日本の各地で起こる連続殺人事件。事件の背後に謎の犯罪組織の存在を確信した週刊誌記者がその謎に挑む長編推理小説です。
価格:1,243円 |
連続殺人事件と謎の女 [ストーリー]
熱海海岸の自殺の名所、錦ヶ浦の断崖から新婚夫婦の夫が落下して死亡し、妻はホテルより失踪するという事件が起こります。
週刊誌記者 若宮四郎は、偶然にも評論家・島内への取材のため、同じホテルに宿泊していましたが、事件の前夜に不審な男が若宮の部屋を新婚夫婦の部屋と間違え、服を届けに来るという出来事があリ、夫が自殺したことに違和感を覚えます。
そこで警察を取材してみると、この二人が偽名を使って宿泊していたことがわかります。
若宮は、週刊誌記者としての第六感で、この事件は単なる自殺ではないと考え、調査を開始しますが、熱海の事件は序章に過ぎませんでした。
このあと北海道の小樽では3人が、名古屋、真鶴、岐阜でも殺人事件が立て続けに発生し、若宮は持ち前の行動力と推理で事件の関連に気づき、事件を追います。
一方、沈丁花の香りに包まれた謎の女性が、若宮の行く先々に現れて、事件に近づかないように警告しますが、若宮は逆に彼女に惹かれていきます。
やがて、若宮の活躍により、一見無関係な一つ一つの事件が、世間を騒がす、一つの大事件に収斂(しゅうれん)され、徐々に巨悪組織が姿を現します。
それは戦時中の謀略機関に源流を持ち、「大佐」と呼ばれる影の人物が操る犯罪組織でした。
そして、ついに若宮は、熱海駐在の実直な村田通信員の協力を得て、「大佐」の本拠地を突き止め、二人は真っ暗闇の中、富士山麓、青木ヶ原の樹海に乗り込みます。
「黄色い風土」の意味は [評価]
「黄色い風土」は、松本清張の推理小説の中では人気作品にあげられていません。750ページもあり、手に取りにくいのかもしれませんが、全編ドキドキ、ハラハラで、冗長感はなく、読み出したらやめられない小説です。
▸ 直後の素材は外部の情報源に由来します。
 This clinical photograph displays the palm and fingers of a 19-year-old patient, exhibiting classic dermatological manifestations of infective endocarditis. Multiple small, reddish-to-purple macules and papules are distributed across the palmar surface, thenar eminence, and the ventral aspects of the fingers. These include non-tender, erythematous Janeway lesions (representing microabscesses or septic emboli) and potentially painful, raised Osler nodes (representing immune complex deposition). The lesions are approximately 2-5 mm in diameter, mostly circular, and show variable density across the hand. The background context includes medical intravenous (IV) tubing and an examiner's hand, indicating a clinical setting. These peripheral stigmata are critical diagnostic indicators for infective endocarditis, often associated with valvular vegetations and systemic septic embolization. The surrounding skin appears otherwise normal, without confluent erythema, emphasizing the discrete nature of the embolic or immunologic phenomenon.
小さな疑惑、バラバラな事象が最後につながり巨悪をあぶり出すといった清張の得意とするストーリーで、例によって謎の美女も登場し、若宮との関係もどうなるのか気になります。私もこれまで4~5回読み直したおすすめの作品です。
「黄色い風土」とはどういう意味でしょうか?
乾いた、殺伐とした大地のイメージですが、緑豊かな平穏なこの社会の裏側で実は大きな犯罪が行われており、私たちは知らないだけで、本当の、この社会の姿は「黄色い風土」ということなのでしょうか。
清張作品のタイトルを深読みすることも面白いですね。